The couple has a typically ambling New York story. Zaida has had a long career in television. Roberto has worked, at different times, in education, in law enforcement, and in the singing world semi-professionally (not to mention in the subways, as a reportedly successful busker). On both their resumes, additionally, is karaoke DJ: in 2003, the music lovers started working together in a side hustle that, at the time, had them co-facilitating karaoke nights in venues across the city, bars and cafes and lounges, even the occasional bar mitzvah. “I remember trudging through the snow with our equipment,” Zaida said, looking back on that first foray into the karaoke world. “Just the two of us, schlepping all over like that.” 

It’s a little hard to imagine, because the two are middle-aged and business-casual, he in a tie and she in wedge heels on the day we sat down to chat. They seem, at first glance, much more like the owners of a building than the musical facilitators of drunk bachelorette parties—of course, over the years, they’ve served as both. By 2013, they felt they’d had their fill of the latter. They were tired of the schlepping and the snow, the frustrated waitstaff and the scant pay. They had none of the freedom and flexibility they had as landlords; as DJs, they were subject to the whims of venues. They disbanded their for-hire duo after ten years, and set out to focus, professionally, on other things.

But they didn’t take their website down, which proved fateful. Right after ending their DJ careers, what they believe was a change in Google’s algorithm prompted a lot of unprecedented and confused calls to their home phone number. “People would Google ‘Brooklyn karaoke,’ find us, and make the incorrect assumption that we were a lounge,” Zaida explained. They would call the Williamses at home and try to make a reservation. Or they’d show up at the apartment building, hoping for walk-in availability. The requests became so frequent that on Friday and Saturday nights, Zaida and Roberto—who quickly became tired of explaining—would just take their landline off the hook.

But the weirdly persistent hope for a karaoke space on Meserole Street eventually got them thinking. What if they were a lounge? So much had changed since they’d first moved to the neighborhood, karaoke wouldn’t be out of place at all. They’d be able to do their old thing—facilitating karaoke nights, which they had once loved—and answer to no one. They could curate the kind of space they’d always dreamed of, something more grown-up, “elegant and upscale” than the dive bars they used to work in. And because the ground floor of their building had once been a grocery store, the bottom half of their unit was already zoned commercially. It seemed meant-to-be.

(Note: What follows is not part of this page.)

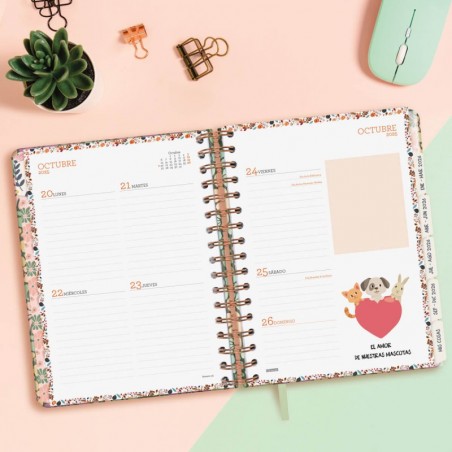 http://acpapeleria.com/56361-large_default/agenda-finocam-16-meses-vitae-14-sv-horizverde-25-26.jpg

(Photo courtesy of Lion’s Roar)

There were, of course, the potential issues associated with welcoming groups of singing strangers into their home. But by 2016, Zaida explained, Airbnb had changed the culture significantly enough that it didn’t seem so crazy. “We had already been doing Airbnb in units on this property,” she explained. “We had evolved, just like everyone else, around inviting strangers in” (they report very few issues in this vein, apart from the one time someone took a shower in their bathroom, which was a strange but harmless incident). They made the necessary reconfigurations, going truly “all out” on “klassy-oke.” They thought about how best to run karaoke in a home; they would act as hosts, they decided, hands-off but still present enough to keep an eye on things. Zaida would float around to answer questions and bus empties. Roberto would DJ all the music live. 

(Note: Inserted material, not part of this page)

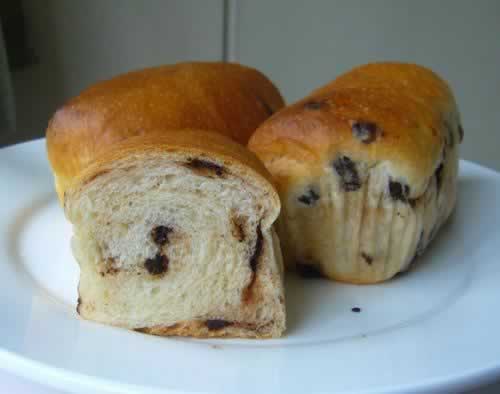 �ɿ�����С������������Ͳ��ף�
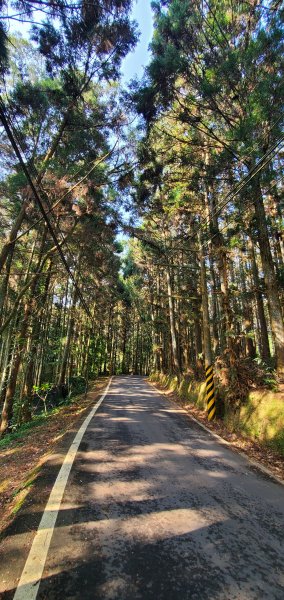 2023-03-18向天湖山步道2076596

In not much time, Lion’s Roar became a lucrative venture—enough so that Roberto now focuses on it full-time, and Zaida is able to take only the TV gigs she’s most passionate about. When I was there, they were gearing up for multiple back-to-back reservations, which they said was not atypical for a Friday night. Theirs is the quirky and successful product of chance, passion, and a changing culture: the shift toward Uber Pool and Taskrabbit, gig-based businesses and space-sharing, is a key piece of this story. But for Zaida and Roberta, it’s mostly been fulfilling, a way to be entrepreneurs and landlords about a fun thing they’ve long loved. “This is a reinvigoration of what we were trying to do [as DJs],” Roberto summarized. “Creating an environment where people can come together. But now, we call our own shots.”